# Spool bearings for 6500ct blue yonder



## CrawFish (Sep 23, 2003)

As I was cleaning my reel and notice one spool bearing spins a lot longer than the other. The one that spins longer makes a noice and the other one doesn't. Any idea what happened to them? And what kind of bearings do you guys recommend to upgrade these stock bearings?

Thanks 
Teo


----------



## Tommy (Jan 24, 2001)

Teo,

You may have to remove one dust shield and clean again.
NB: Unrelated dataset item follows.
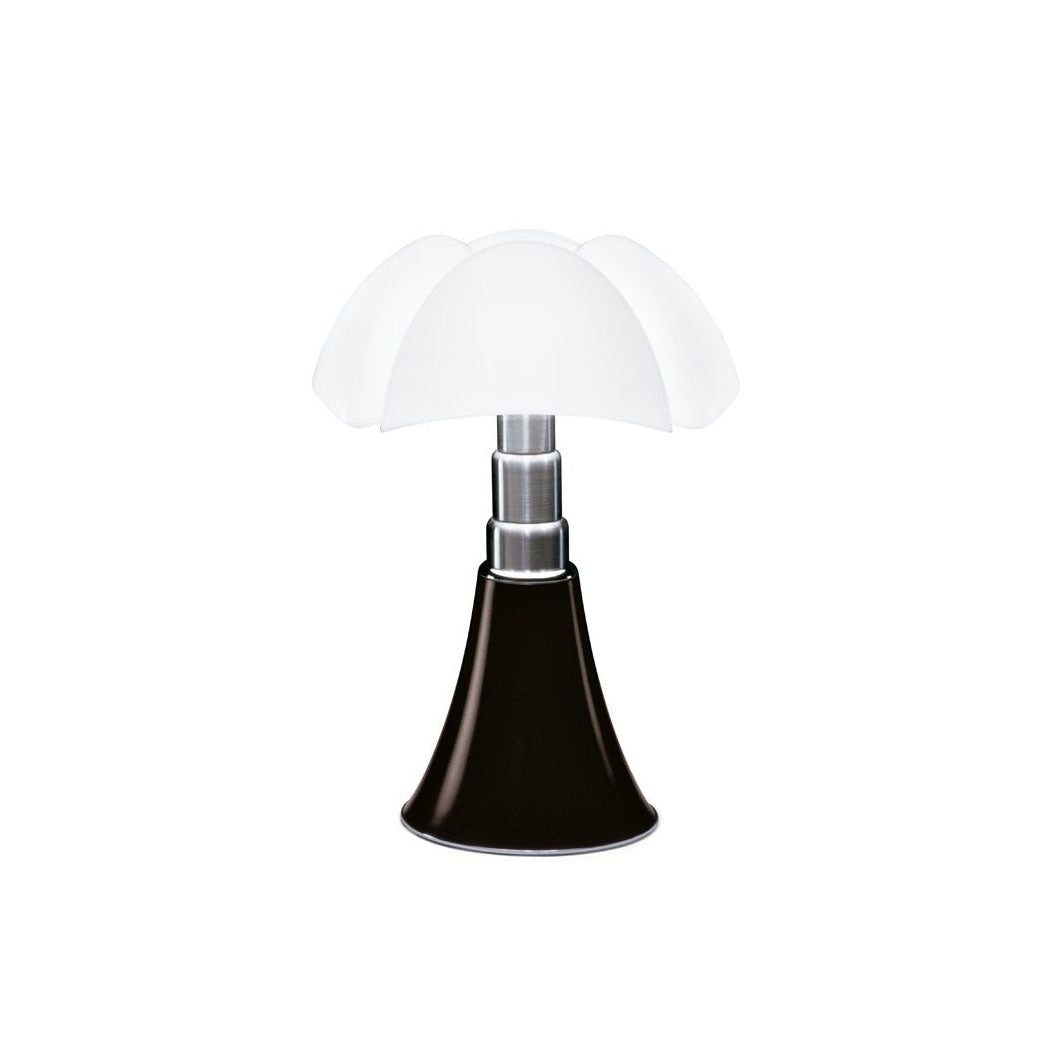 Flaria lampada da tavolo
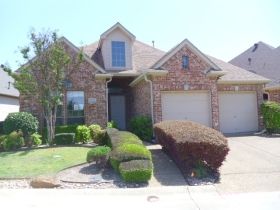 1821 Masters Drive, Desoto, TX 75115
Sometime a tiny piece of debris gets in and it may take several attempts to get it flushed out. I usually stick the bearing on a wooden chopstick to spray with electrical contact cleaner. Let it spin up while spraying, then used clean compressed air to dry.

Tommy


----------



## CrawFish (Sep 23, 2003)

Thanks Tommy.


----------



## Cutbait Bob (Mar 24, 2004)

You can go to www.bocabearings.com and order bearings for the blue yonder - the part number is:

SMR104C-YZZ #5 NB2 and they're only ten bucks each(or a 4-pack for 29.95) - rated to 75,000 rpm in grease and 88,000 in oil. You'll be good to go!

Bob


----------



## Newsjeff (Jul 22, 2004)

Teo,

If you're forced to get a new bearing, look at the ones made by Wheel's Reels. The quality of those are the best you're gonna find, IMHO.


----------



## CrawFish (Sep 23, 2003)

Newsjeff said:


> Teo,
> 
> If you're forced to get a new bearing, look at the ones made by Wheel's Reels. The quality of those are the best you're gonna find, IMHO.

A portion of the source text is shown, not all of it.